At MIT, he decided to construct an answer with all of the potential of a brain implant but without the restrictions.

In his last semester at MIT, Vega built what he describes as “a lollipop with a bunch of sensors” to check the mouth as a medium for computer interaction. It worked beautifully.

“At that time, I called Corten, my co-founder, and said, ‘I believe this has the potential to alter so many lives,’” Vega says. “It could also change the best way humans interact with computers in the long run.”

Vega used MIT resources including the Enterprise Mentoring Service, the MIT I-Corps program, and received crucial early funding from MIT’s E14 Fund. Augmental was officially born when Vega graduated from MIT at the top of 2019.

Augmental generates each MouthPad design using a 3D model based on a scan of the user’s mouth. The team then 3-D prints the retainer using dental-grade materials and adds the electronic components.

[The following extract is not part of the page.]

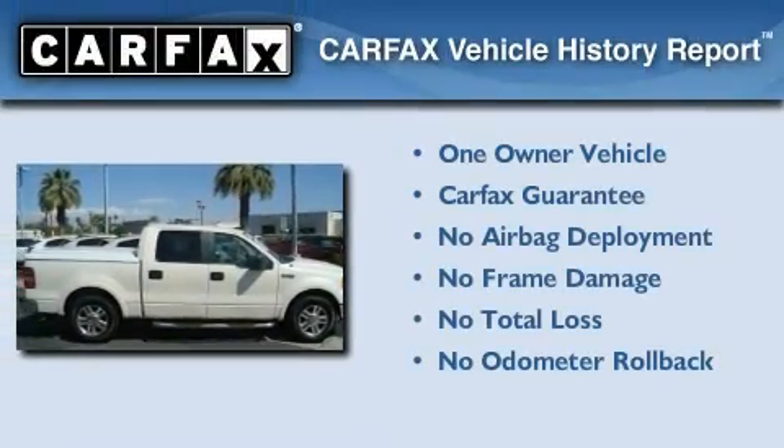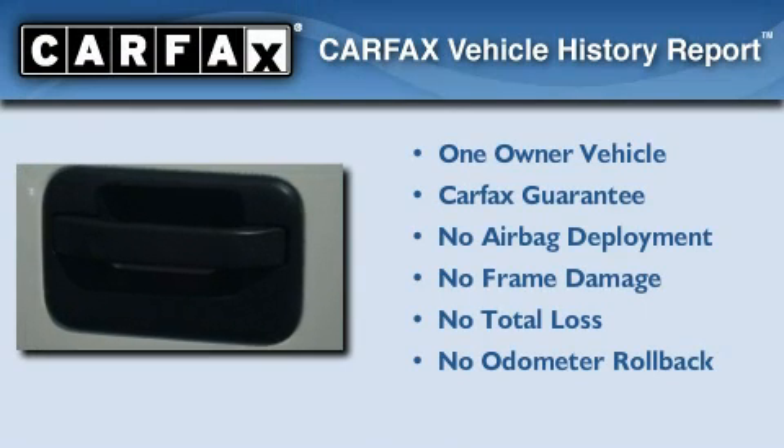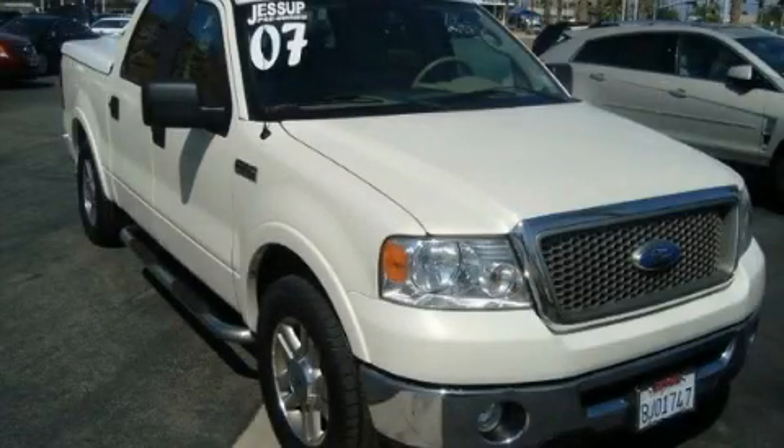This Ford has had only one owner, and it qualifies for the Carfax buy-back guarantee. This vehicle won't last long at this price. Call and arrange a test drive now.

With the MouthPad, users can scroll up, down, left, and right by sliding their tongue. They may also right click by doing a sipping gesture and left click by pressing on their palate. For individuals with less control of their tongue, bites, clenches, and other gestures may be used, and folks with more neck control can use head-tracking to maneuver the cursor on their screen.

“Our hope is to create an interface that’s multimodal, so you’ll be able to select what works for you,” Vega says. “We would like to be accommodating to each condition.”

Scaling the MouthPad

A lot of Augmental’s current users have spinal cord injuries, with some users unable to maneuver their hands and others unable to maneuver their heads. Gamers and programmers have also used the device. The corporate’s most frequent users interact with the MouthPad day-after-day for as much as nine hours.

“It’s amazing since it implies that it has really seamlessly integrated into their lives, they usually are finding plenty of value in our solution,” Vega says.

Augmental is hoping to achieve U.S. Food and Drug Administration clearance over the following yr to assist users do things like control wheelchairs and robotic arms. FDA clearance may even unlock insurance reimbursements for users, which can make the product more accessible.

Augmental is already working on the following version of its system, which can reply to whispers and much more subtle movements of internal speech organs.

“That’s crucial to our early customer segment because a number of them have lost or have impaired lung function,” Vega says.

Vega can be encouraged by progress in AI agents and the hardware that goes with them. Regardless of how the digital world evolves, Vega believes Augmental is usually a tool that may profit everyone.

“What we hope to offer in the future is an always-available, robust, and personal interface to intelligence,” Vega says. “We expect that that is essentially the most expressive, wearable, hands-free input system that humans have created.”